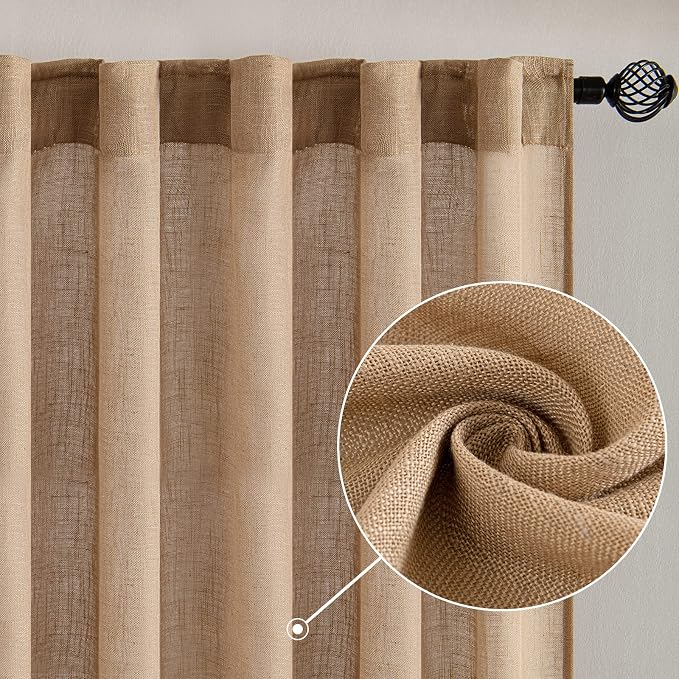 MIULEE Brown Linen Curtains 52x96 Inch Long Soft Thick Linen Textured | Curtains - Image 2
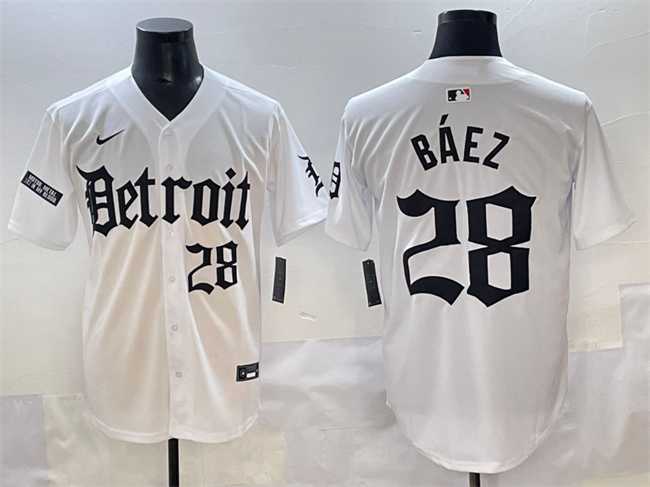 Mens Detroit Tigers #28 Javier Baez White Motor Gothic Edition Vapor Premier Limited Stitched Jersey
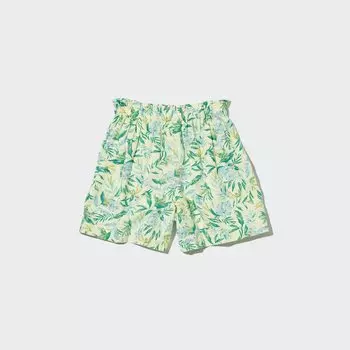 Льняные шорты с цветочным принтом Easy Girl UNIQLO, кремовый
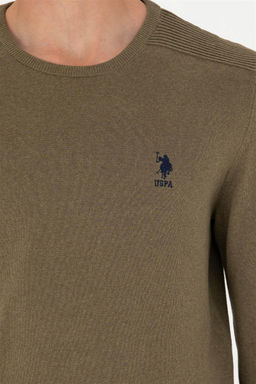 U. S. Polo Assn Мужской базовый свитер хаки меланжевого цвета - U.s. polo assn фото 7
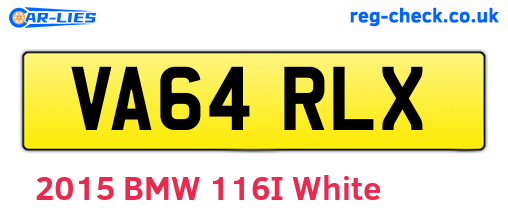 VA64RLX are the vehicle registration plates.
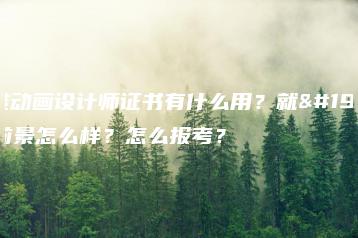 三维动画设计师证书有什么用?就业前景怎么样?怎么报考?-广东技校排名网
+ + +
Pictures should be omitted. Please return exactly the lines from the line that holds "VA64RLX are the vehicle registration plates." through the end of the records.

 VA64RLX are the vehicle registration plates.
 三维动画设计师证书有什么用?就业前景怎么样?怎么报考?-广东技校排名网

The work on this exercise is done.